TUM School of Natural Sciences, Department of Biosciences, Chair of Organic Chemistry II, Center for Functional Protein Assemblies (CPA), Technical University of Munich (TUM), Ernst-Otto-Fischer-Str. 8, 85748, Garching, Germany.
Current affiliation: Metabolomics and Proteomics Core (MPC), Helmholtz Zentrum München German Research Center for Environmental Health, Ingolstädter Landstraße 1, 85764, Neuherberg, Germany.
Angew Chem Int Ed Engl. 2024 Nov 11;63(46):e202409220. doi: 10.1002/anie.202409220. Epub 2024 Oct 7.

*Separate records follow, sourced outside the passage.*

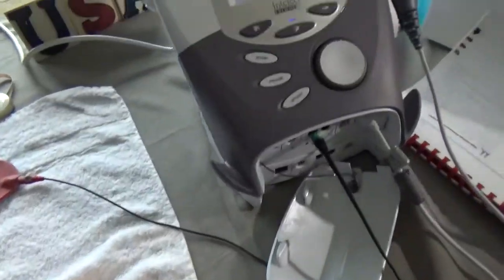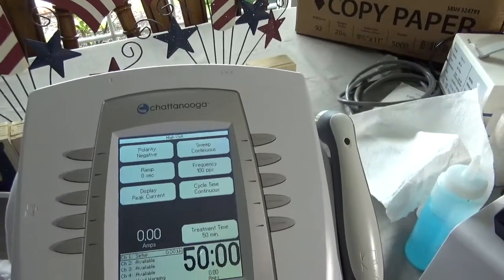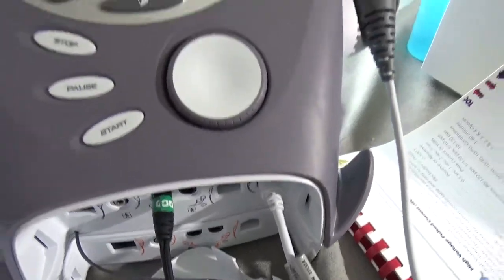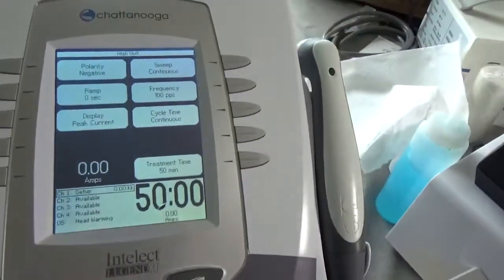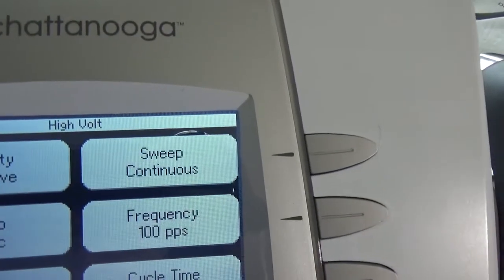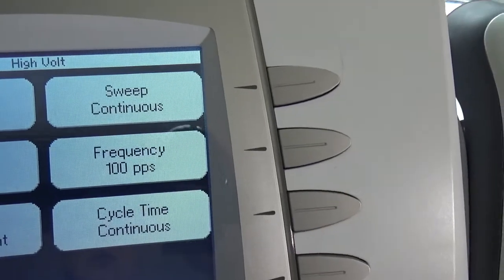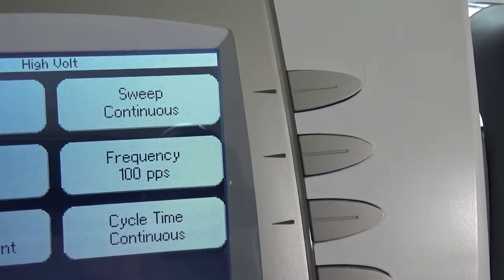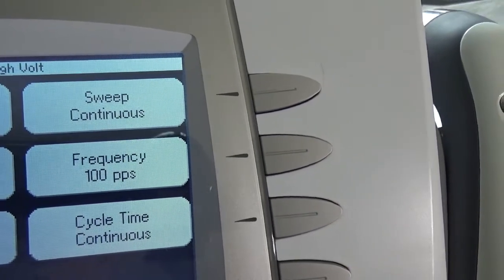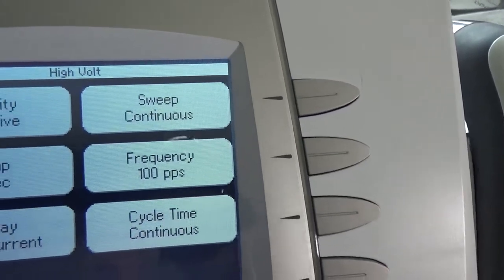Coming over to the Chattanooga unit — I've turned it on with the switch on the back and plugged in one cable for one channel. I have turned it to 50 minutes. It's on high volt. It says it's on continuous, but the nature of high volt pulse current is that it's already pulsed within the machine. The frequency of 100 pulses per second is what the Rose Handbook says to set it on.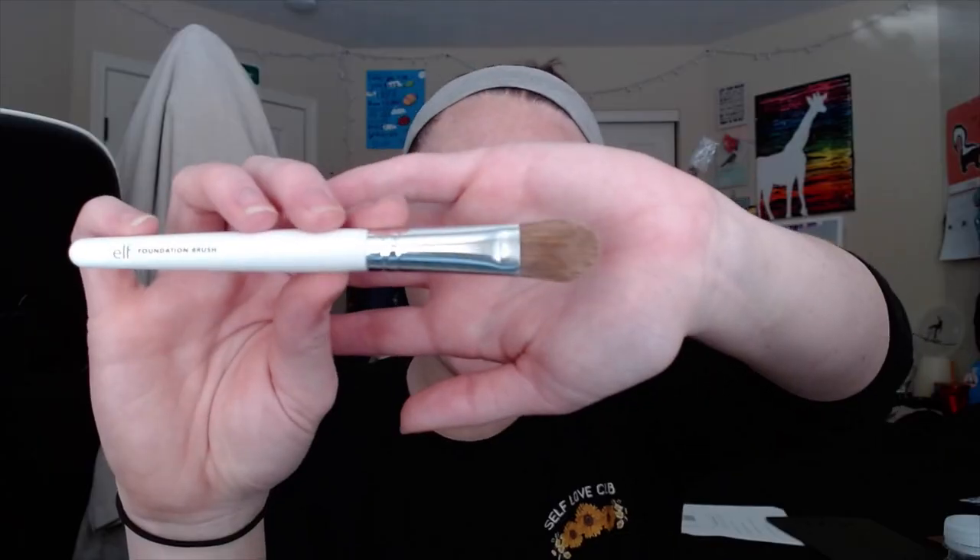The brushes I'm using — I can't really tell you what I'm using just because they don't have numbers or anything. I can tell you the brand and what it's for if it says. To put it on my face, I just use this ELF foundation brush. To blend it all out, the brush I'm using is by Sonia Kashuk. I got this brush at Target and it's one of my favorite brushes. It is the flat top foundation brush.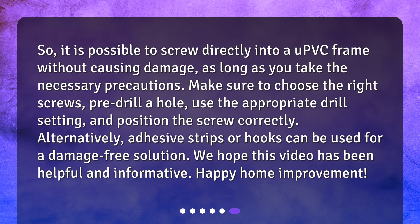So it is possible to screw directly into a uPVC frame without causing damage, as long as you take the necessary precautions. Make sure to choose the right screws, pre-drill a hole, use the appropriate drill setting, and position the screw correctly. Alternatively, adhesive strips or hooks can be used for a damage-free solution. We hope this video has been helpful and informative — happy home improvement!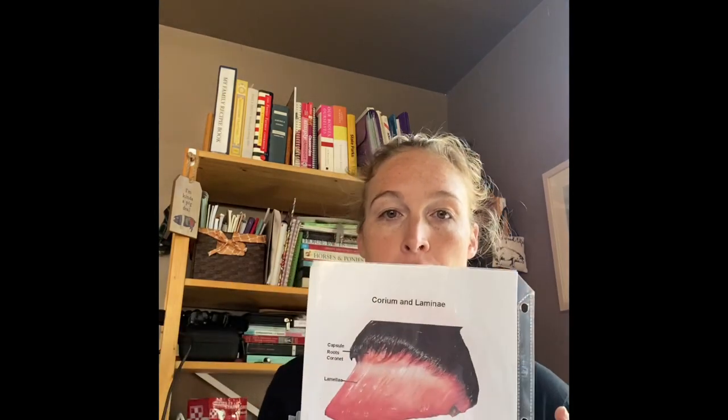Let's talk laminitis and founder. I've got some examples — trigger warning, I mean that seriously. I have a picture of a horse hoof. This horse passed away from natural causes and the owner was very nice and donated its lower legs to science for educational purposes. After the horse passed, the owner gave us permission to do a dissection on it to teach, which is great — it furthers the science for all of us.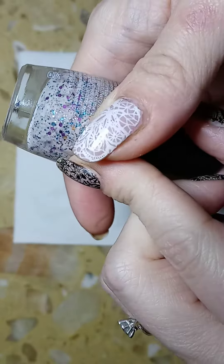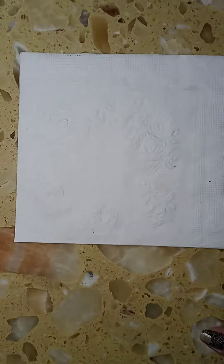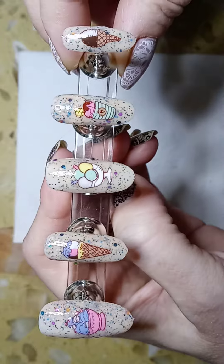Then what I did is I hand painted them in. And here is the completed design — they came out super cute!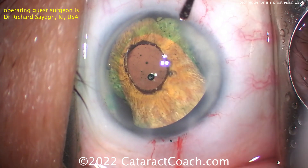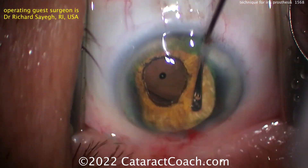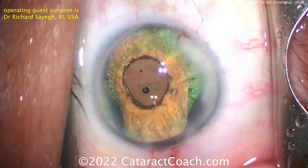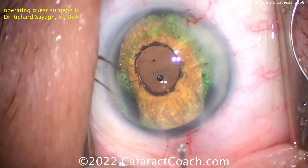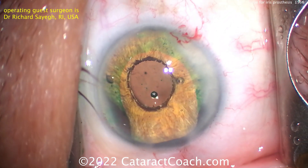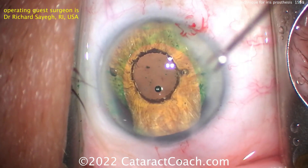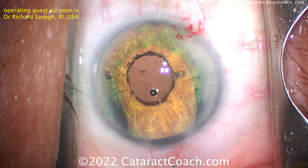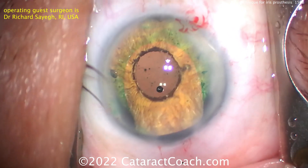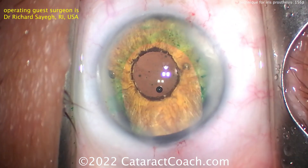A lot of people have done great work with these prosthetic irises and given us good information on how to implant them. It's a little bit bulky, and you've got to be very careful — the anterior lens capsule is only about 14 microns on average, so it's very thin. A smart move here: extra viscoelastic going inside to keep the eye completely inflated. Now the micro forceps go opposite the main incision, about 180 degrees, to grab the pupil margin and retract it into the capsular bag.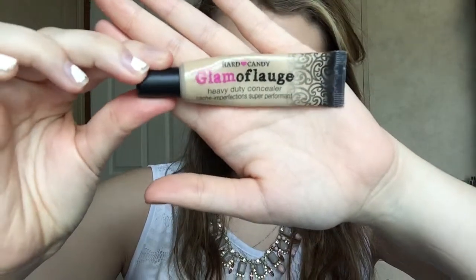For under eye concealer, I'm going to be taking Hard Candy Glamouflage in Light. To contour, we're going to take the Rimmel Stay Matte Foundation in True Beige and then we're going to be using an EcoTools foundation brush to apply that with.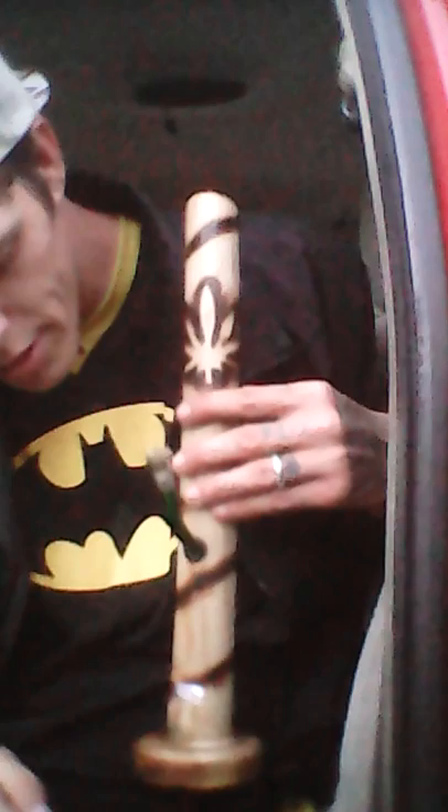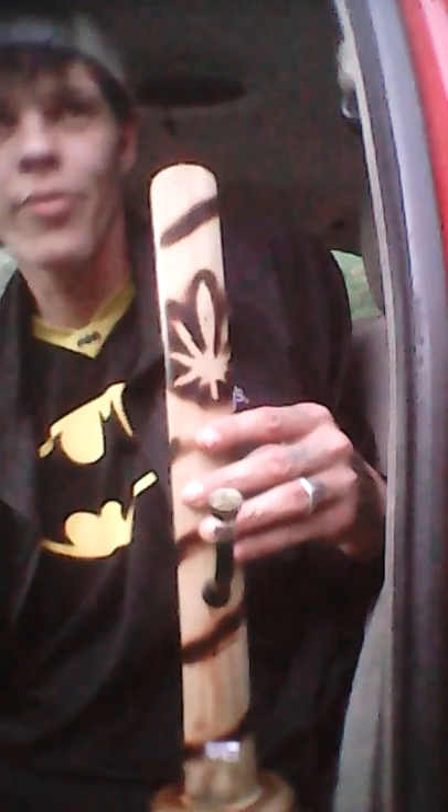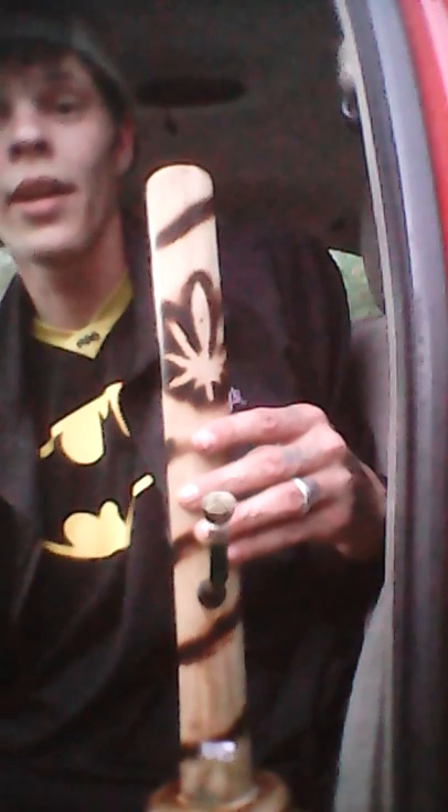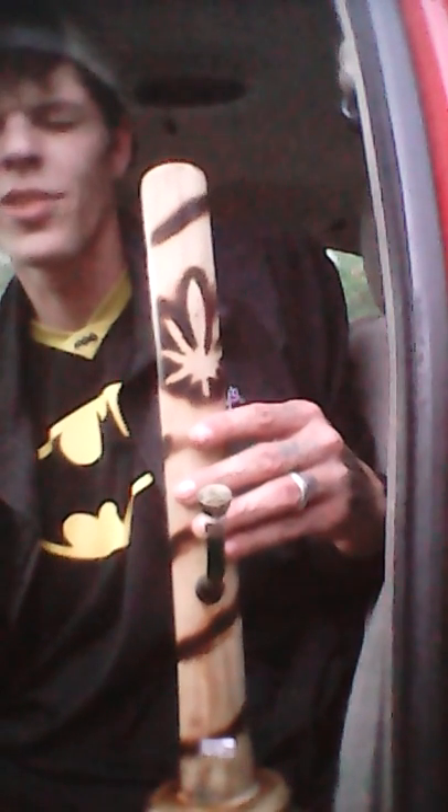This is a $20 one — they have different price ranges. I think I've seen one for $14.99. I think the most expensive one was $22.99 or $24.99; this one right here is $19.99. We're gonna try it out.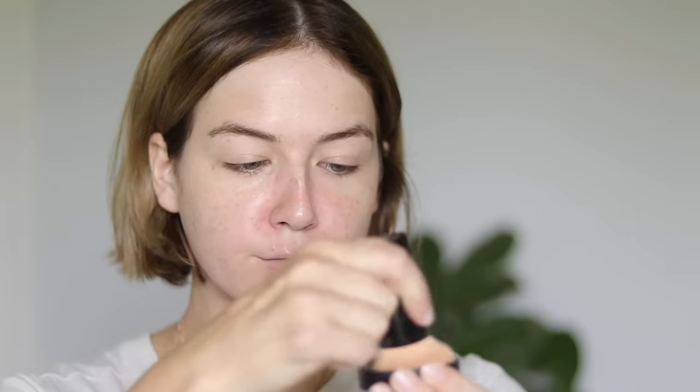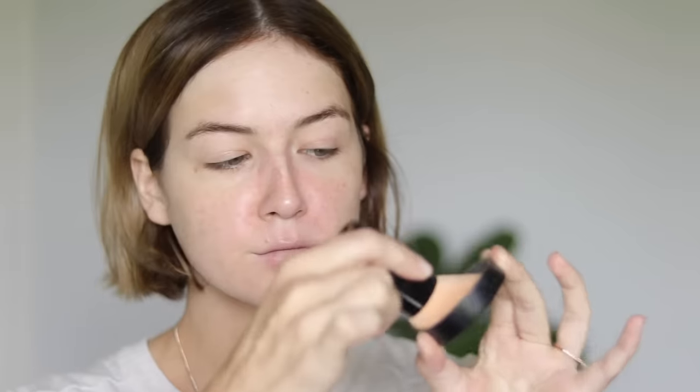I'm going to use Bare Minerals Original Powder Foundation as an example because I think it is the superior formula out of all powder foundations. It has been my personal favorite for nearly 10 years now. The reason you have to take the time to buff into the skin is because this starts out as a powder, but once it is warmed up by buffing it actually emulsifies and turns into a cream. This is why I used to get comments on my videos saying there's no way you're just wearing a powder foundation — how does it look so creamy, how does it look like a liquid?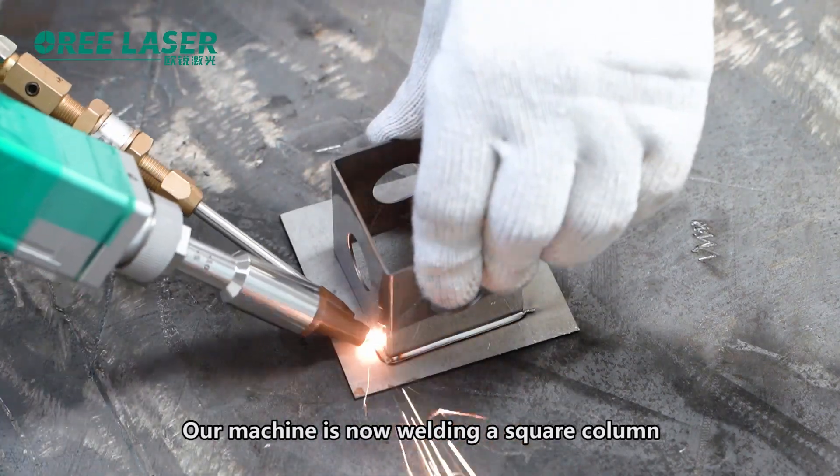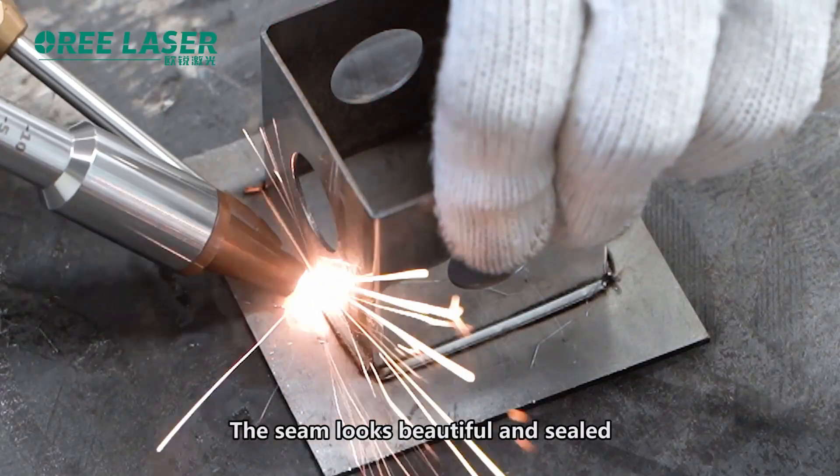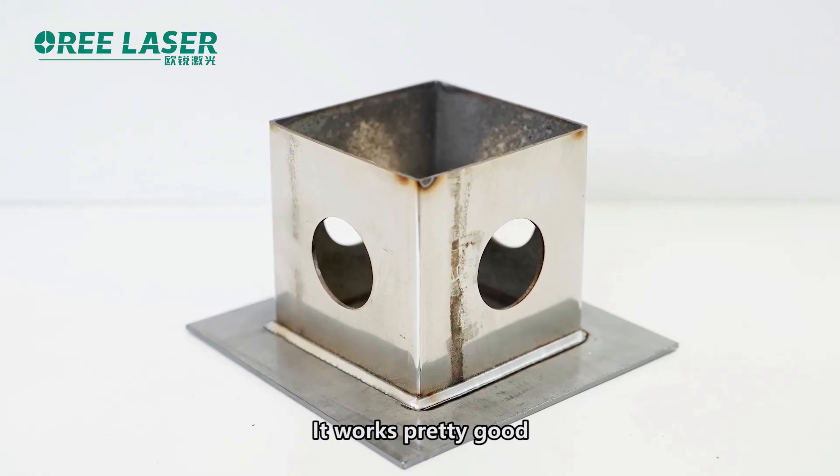Our machine is now wielding square column. The seam looks beautiful and sealed. It works pretty good.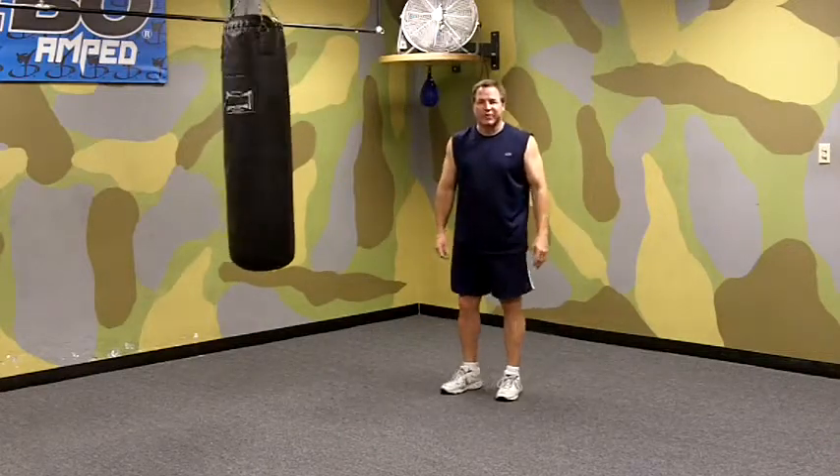Hi, I'm Mark Milstead of Milstead's Boxing and Pigeons. Today we're going to work on a left hook punch, which is one of the strongest punches in boxing. It's one of my favorites.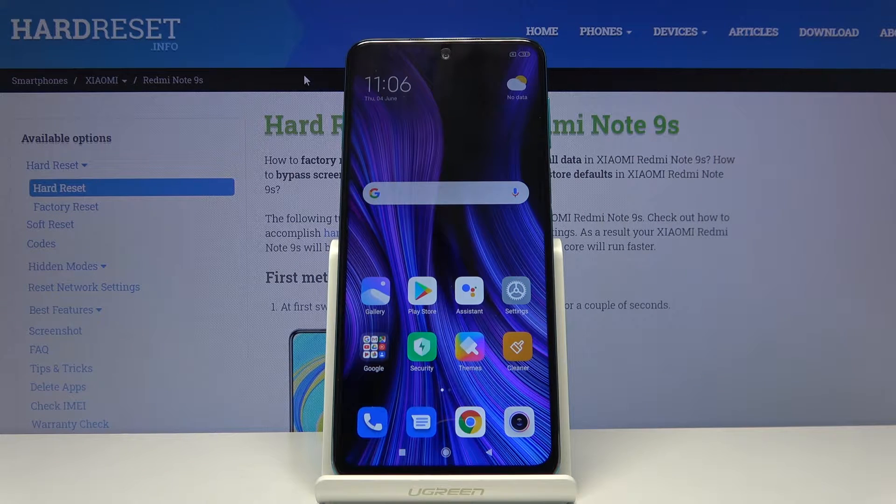Welcome everyone. This is a Xiaomi Redmi Note 9S, and today I'll show you how to put the device into fastboot mode.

Protein homeostasis in bacteria is regulated by proteases such as the tetradecameric caseinolytic protease P (ClpP). Although substrates of ClpP have been successfully deciphered in genetically engineered cells, methods which directly trap processed proteins within native cells remain elusive. Here, we introduce an in situ trapping strategy which utilizes trifunctional probes that bind to the active site serine of ClpP and capture adjacent substrates with an attached photocrosslinking moiety. After enrichment using an alkyne handle, substrate deconvolution by mass spectrometry (MS) is performed. We show that our two traps bind substoichiometrically to ClpP, retain protease activity, exhibit unprecedented selectivity for Staphylococcus aureus ClpP in living cells and capture numerous known and novel substrates. The exemplary validation of trapped hits using a targeted proteomics approach confirmed the fidelity of this technology. In conclusion, we provide a novel chemical platform suited for the discovery of serine protease substrates beyond genetic engineering.
细菌中的蛋白质稳态由蛋白酶(如十四聚体的酪蛋白水解酶 P(ClpP))调节。虽然已经成功地在基因工程细胞中破译了 ClpP 的底物,但直接在天然细胞内捕获加工蛋白的方法仍难以捉摸。在这里,我们引入了一种原位捕获策略,该策略利用三功能探针与 ClpP 的活性位点丝氨酸结合,并利用附着的光交联部分捕获相邻的底物。在用炔烃处理后,通过质谱(MS)进行底物解卷积。我们表明,我们的两种捕集器以亚化学计量结合到 ClpP 上,保留蛋白酶活性,对活细胞中的金黄色葡萄球菌 ClpP 表现出前所未有的选择性,并捕获了许多已知和新的底物。使用靶向蛋白质组学方法对捕获的命中物进行的示例性验证证实了该技术的保真度。总之,我们提供了一种新颖的化学平台,适用于发现遗传工程之外的丝氨酸蛋白酶底物。